### Task item
Leave the pictures out, and transcribe the material below exactly from the line with "Nový obraz na hasičské zbrojnici je hotov" to the line with "Stan in Crveni Krst", both lines included.

### Material for the task
§
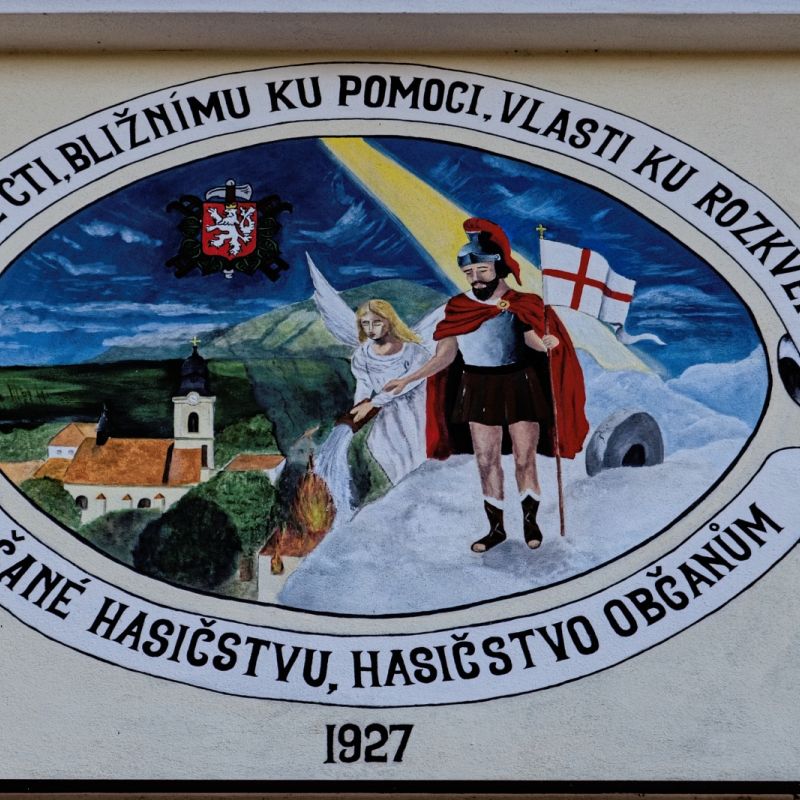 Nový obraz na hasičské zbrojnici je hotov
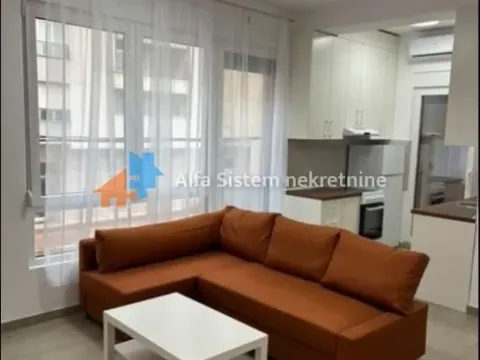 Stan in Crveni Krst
§
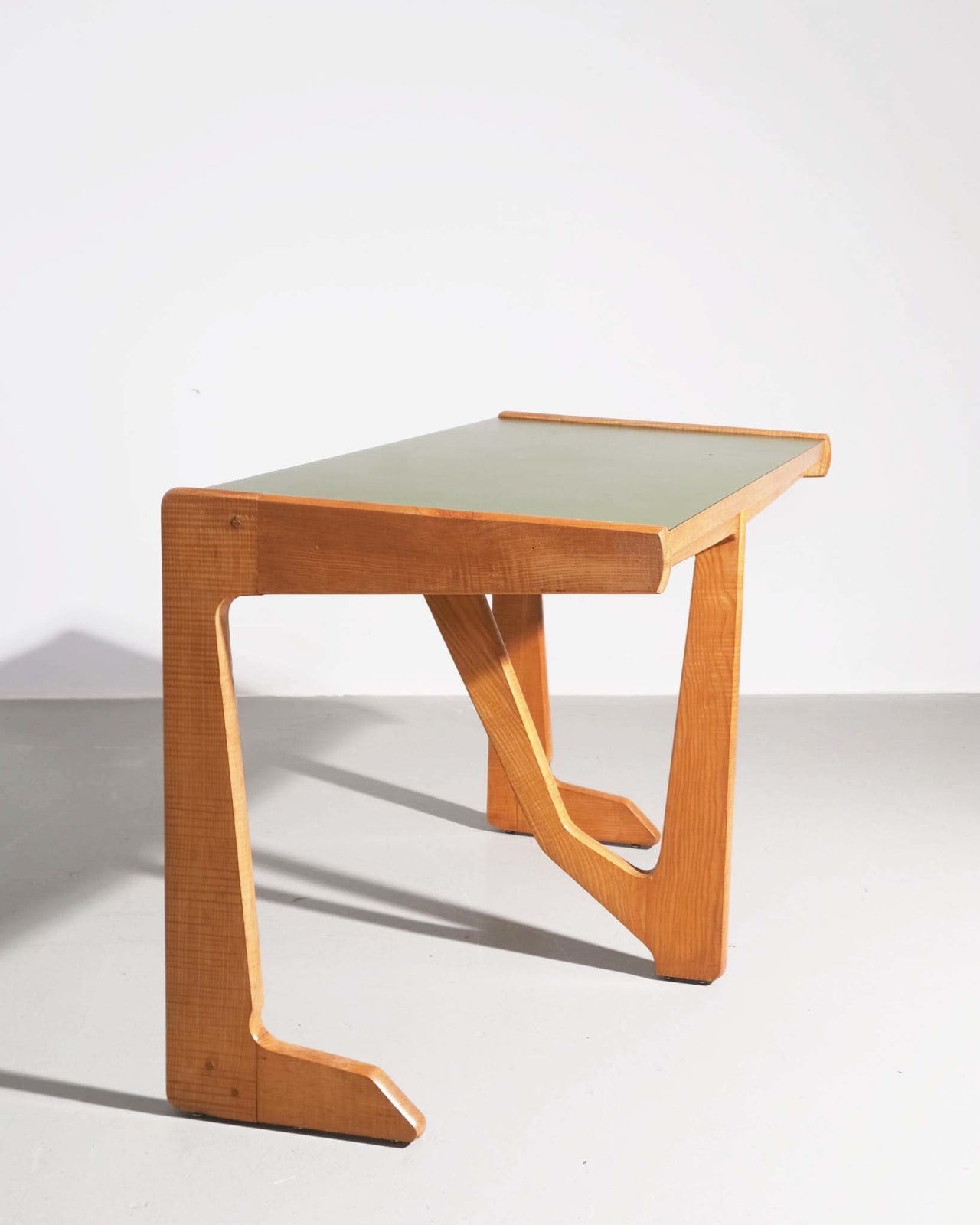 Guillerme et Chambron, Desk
§
### Your solution
 Nový obraz na hasičské zbrojnici je hotov
 Stan in Crveni Krst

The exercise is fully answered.